Mr. MARTIN. I want to ask you, Mr. Daily, if the bill were to pass with your amendment, do you think other lines or companies such as yours would be set up for the purpose of taking business out from under the Federal law?
Mr. DAILY. Well, I think, in the light of the existence of the Federal control, probably they would not. As to whether a company might desire to do that, that would depend, I suppose—well, I do not know just what it might depend on. That could happen. But I should
. think, if there were any reason why they wanted to, the State commission, under the circumstances, could look into the question—and this instance I have out here is the only one I can speak of-but the local commission could look into the question and see whether or not the service was needed. To put it another way: In order to set up a company to do it, the local commission would have to say there was a need for an outlet of the gas, all within the State and all under State control, so that no harm would be done. That would be all within the provisions of the local State laws and perhaps should be done by the commission. We do not want, by any misapprehension or by inference, to find ourselves under Federal control because of some oversight.
I thank you, Mr. Chairman.
The letter referred to a while ago by Mr. Booth, written by James M. Slattery, chairman of the Illinois Commerce Commission, to the chairman of this committee, as well as some other communications, are submitted for the record. (The letters above referred to are printed in the record, as follows:)
ILLINOIS COMMERCE COMMISSION,
Chicago, March 10, 1937. Congressman CLARENCE F. LEA, Chairman, House Committee on Interstate and Foreign Commerce,
House of Representatives, Washington, D. C. Re H. R. 4008.
DEAR CONGRESSMAN LEA: I am writing to you in response to the suggestion you made to Messrs. Harry R. Booth and William A. Dittmer, of the commission's staff, who conferred with you on Monday, March 1, in comection with the bill which you introduced in the House of Representatives which provides for the regulation of interstate natural-gas rates and companies. This will is of great importance to the State of Illinois, since over 80 percent of the gas sold in this State is imported from other States. The annual payments to interstate natural-gas utilities by Illinois companies is now in excess of $14,000,000.

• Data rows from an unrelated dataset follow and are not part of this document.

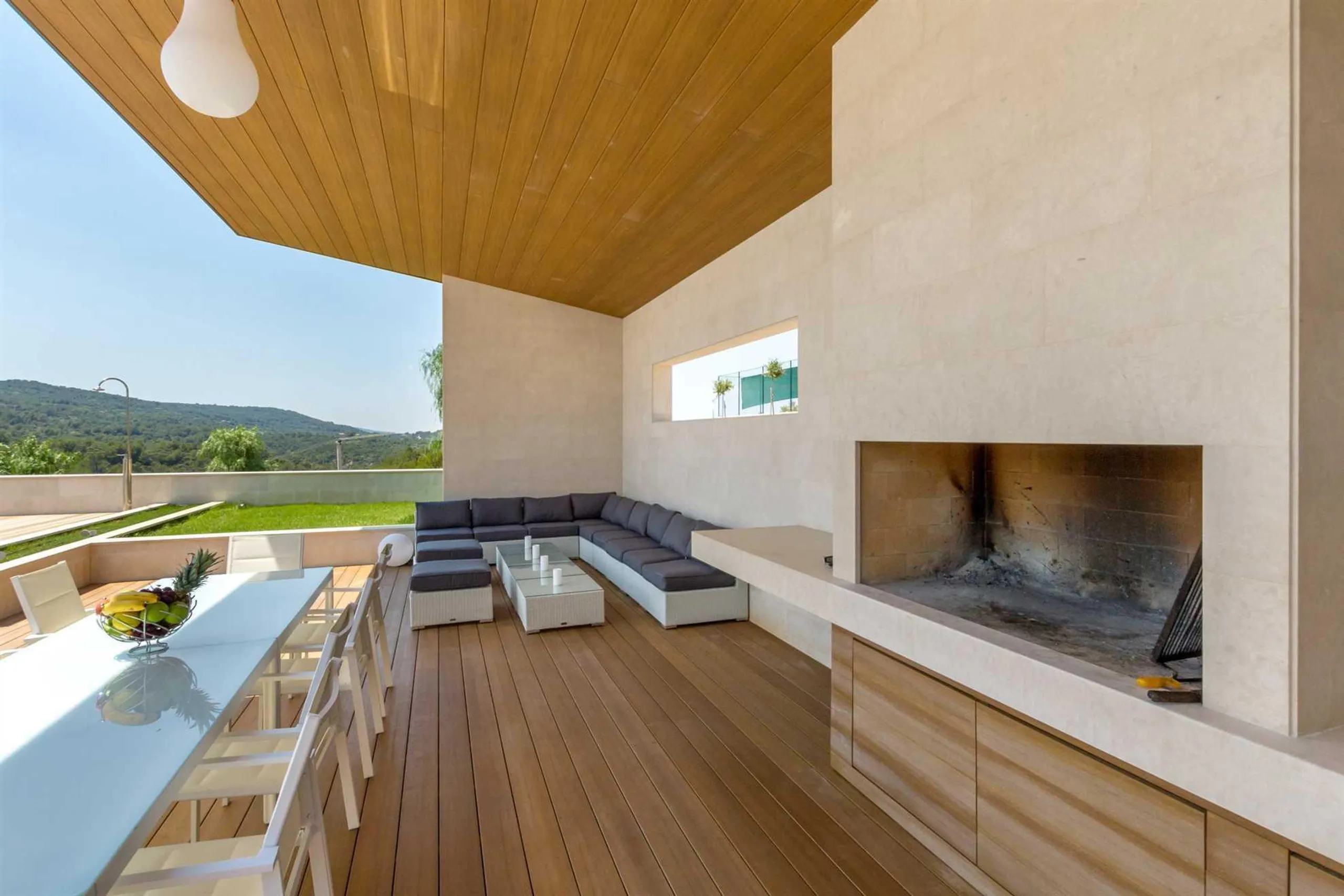 Radiant Modern Villa with Pool, Sauna, and Tennis Court in Hvar — photograph 10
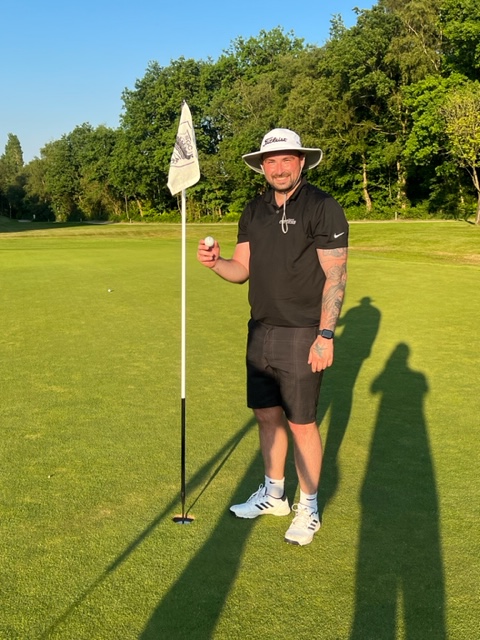 ScarcroftGC's tweet photo. WOW, 🤯he's only been a member for two weeks and new boy, Ellis Leach, bags an ♠️ with a 5 iron on the 7th⛳️
Enjoy the moment and looking forward to a wee shot of🥃whisky at the weekend 👏👏👏 https://t.co/tJpHPiDm3p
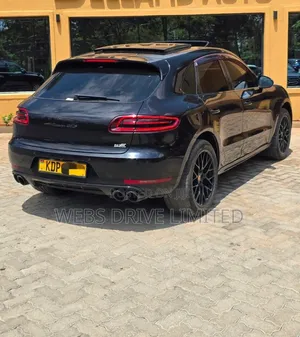 Porsche Macan 2018 Black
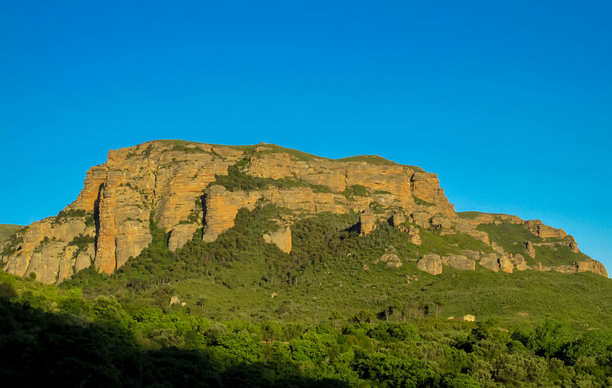 西班牙的马洛斯-德里格洛斯，拥有高耸的红色砂岩悬崖、垂直的岩石构造和崎岖的山地景观图片下载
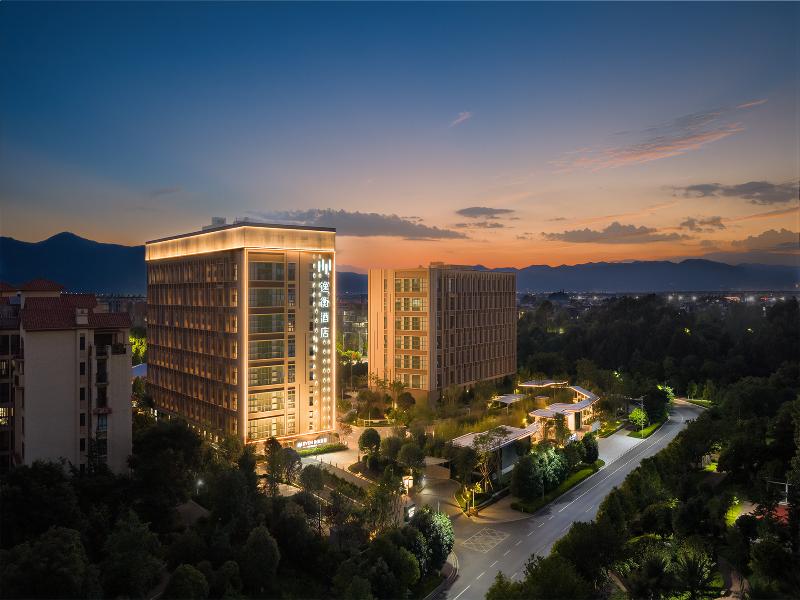 EVEN Kunming Dianchi Lake by IHG — general view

The problem of effective regulation of interstate natural-gas companies is of especial importance to us now, because there is pending before the commission an application of the People's Gas Light & Coke Co., which renders gas service in Chicago, for a $3,000,000 increase in its rates. The matter is also pending before the courts, and the commission's final order must be entered before May 24 of this year.
The largest item in the operating expenses of the People's Gas Light & Coke Co. is its payment for natural gas to Chicago District Pipe Line Co. This latter company is controlled by the People's Gas Light & Coke Co. and owns and operates a pipe line extending from some 40 miles away from Chicago to the Chicago city limits. Its operations are, therefore, intrastate. It purchases all of the natural gas which it transports from the Natural Gas Pipeline Co. of America, which is the interstate company transporting natural gas from Oklahoma to a point 40 miles distant from Chicago.
The People's Gas Light & Coke Co. owns indirectly about 25 percent of the voting stock of Natural Gas Pipeline Co. of America. The balance of the stock
is owned by the Standard Oil Co. of New Jersey and other strong oil interests. The purchases of natural gas for service in ('hicago are covered by a series of contracts entered into some years ago. Under these circumstances, there may be some doubt as to whether the Illinois Commerce Commission could modify the price being paid by the People's Gas Light & Coke Co. for natural gas because of the excessive profits of Natural Gas Pipeline Co. of America.
Preliminary studies made by our staff indicate that the Natural Gas Pipeline Co. of America is currently making excessive profits to the extent of $1,500,000 to $3,000,000 per year, based upon a 6-percent return upon the cost of the pipe lice.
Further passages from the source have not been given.